Everything in the data except the pictures belongs in your answer, copied exactly.

_Data shown_
###

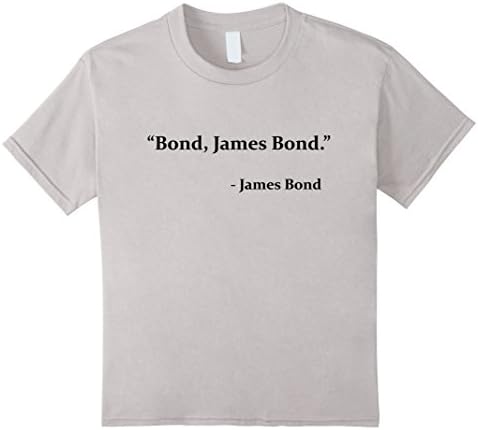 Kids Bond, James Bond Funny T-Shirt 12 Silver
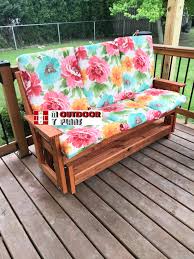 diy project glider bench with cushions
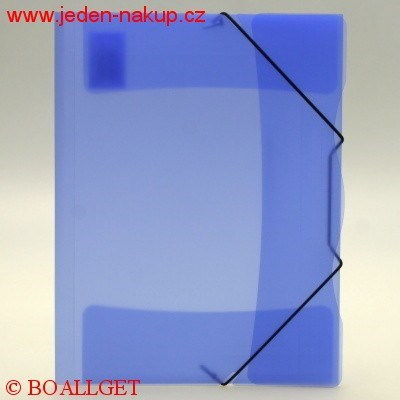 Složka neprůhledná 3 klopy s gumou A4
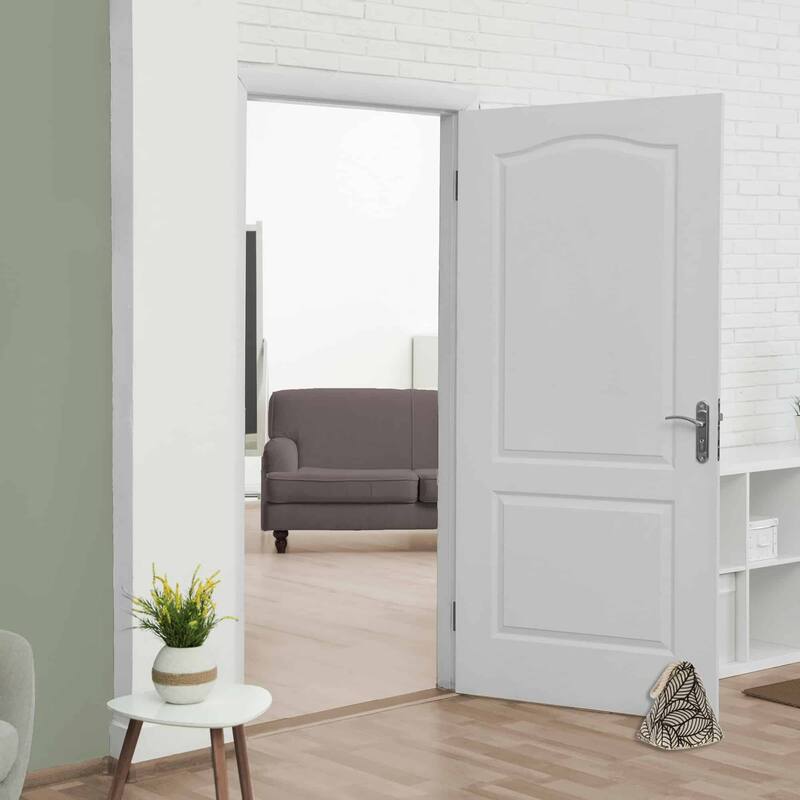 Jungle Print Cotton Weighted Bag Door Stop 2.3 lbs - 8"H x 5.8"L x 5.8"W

###

_Written response_
 Kids Bond, James Bond Funny T-Shirt 12 Silver
 diy project glider bench with cushions
 Složka neprůhledná 3 klopy s gumou A4
 Jungle Print Cotton Weighted Bag Door Stop 2.3 lbs - 8"H x 5.8"L x 5.8"W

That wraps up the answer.